BRIEF: The records below need to come back exactly as they are, pictures omitted.

DATA TO PROCESS:
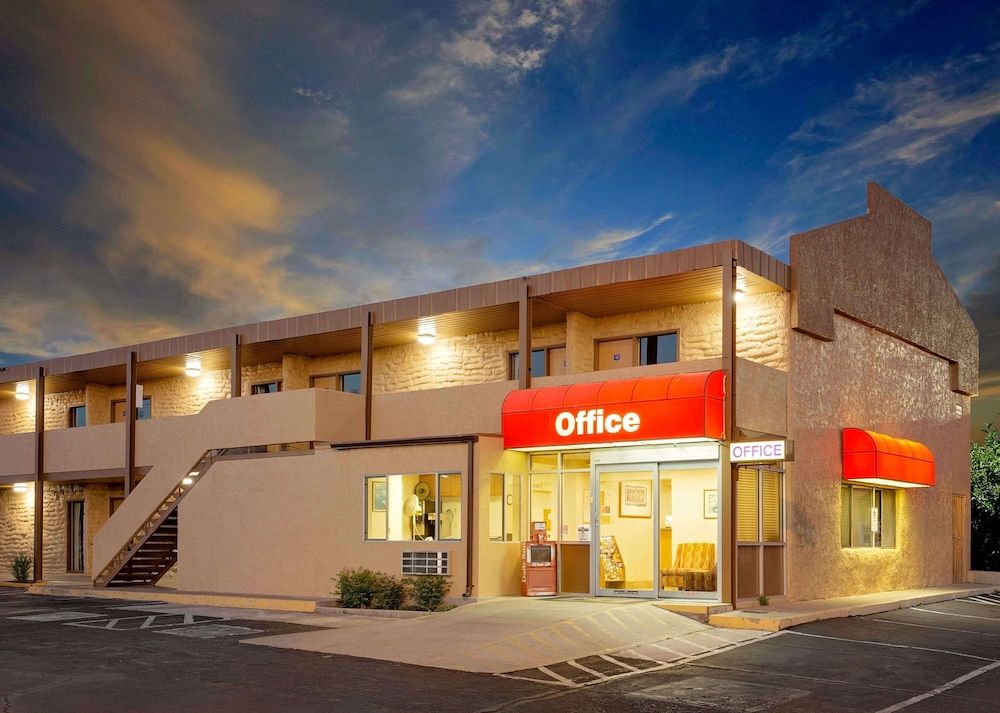 undefined Knights Inn Page 2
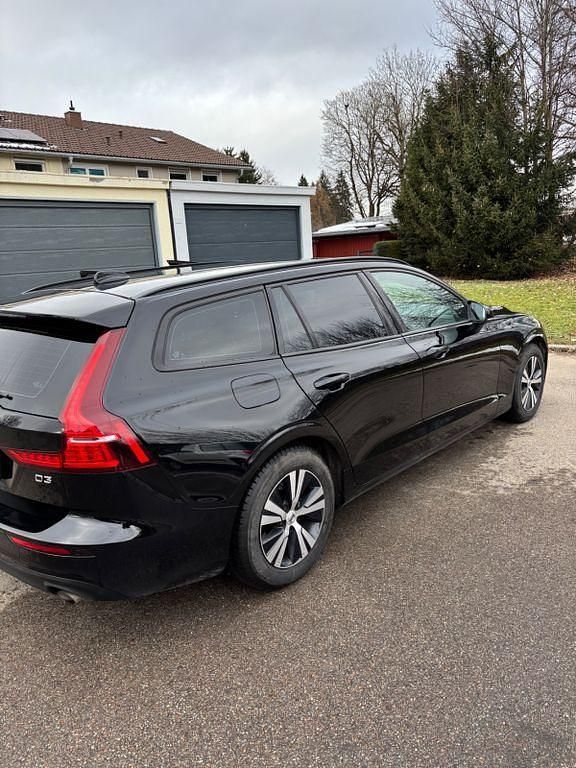 Gebraucht Volvo V60 150 PS (110 kW) 2018 Schwarz Kombi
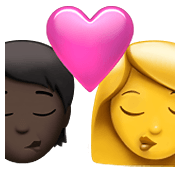 Emoji 🧑🏿‍❤️‍💋‍👩 Bacio Tra Coppia: persona, Donna, Carnagione Scura, Nessun tono della pelle su Apple iOS 14.5.
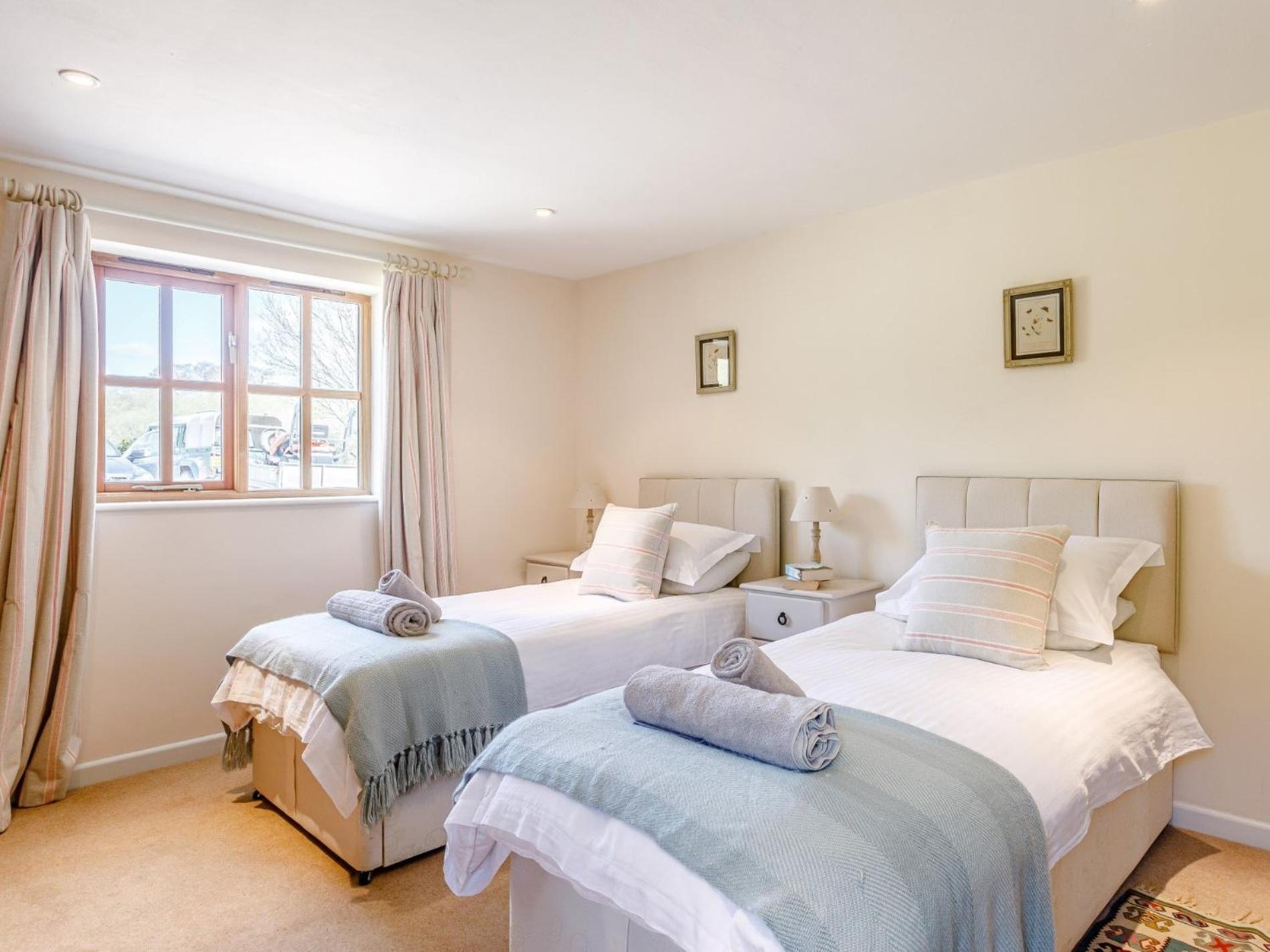 2 Bed In Dorchester 75243 Frampton  Ngoại thất bức ảnh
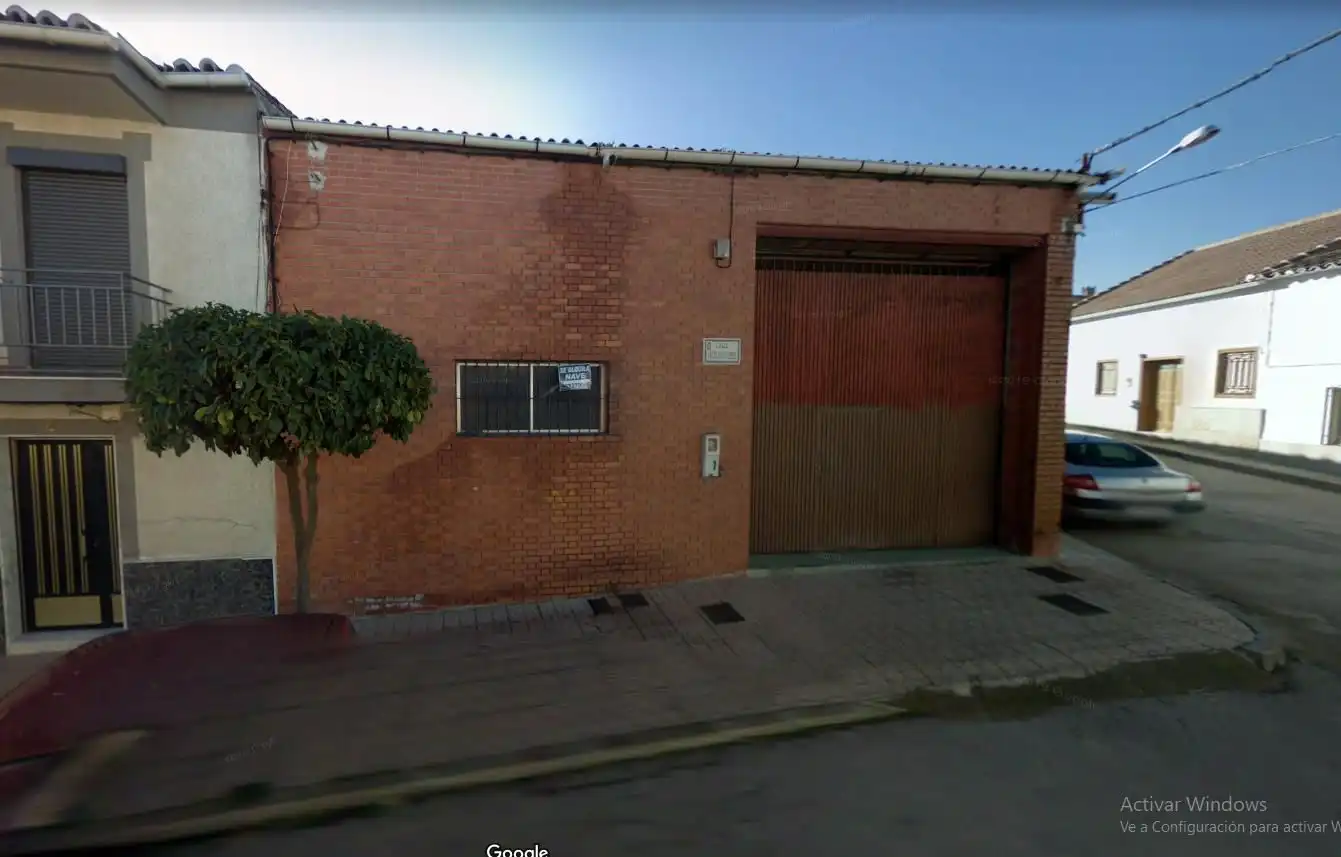 Local comercial en alquiler en Mengíbar, imagen 2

OUTPUT BELOW:
 undefined Knights Inn Page 2
 Gebraucht Volvo V60 150 PS (110 kW) 2018 Schwarz Kombi
 Emoji 🧑🏿‍❤️‍💋‍👩 Bacio Tra Coppia: persona, Donna, Carnagione Scura, Nessun tono della pelle su Apple iOS 14.5.
 2 Bed In Dorchester 75243 Frampton  Ngoại thất bức ảnh
 Local comercial en alquiler en Mengíbar, imagen 2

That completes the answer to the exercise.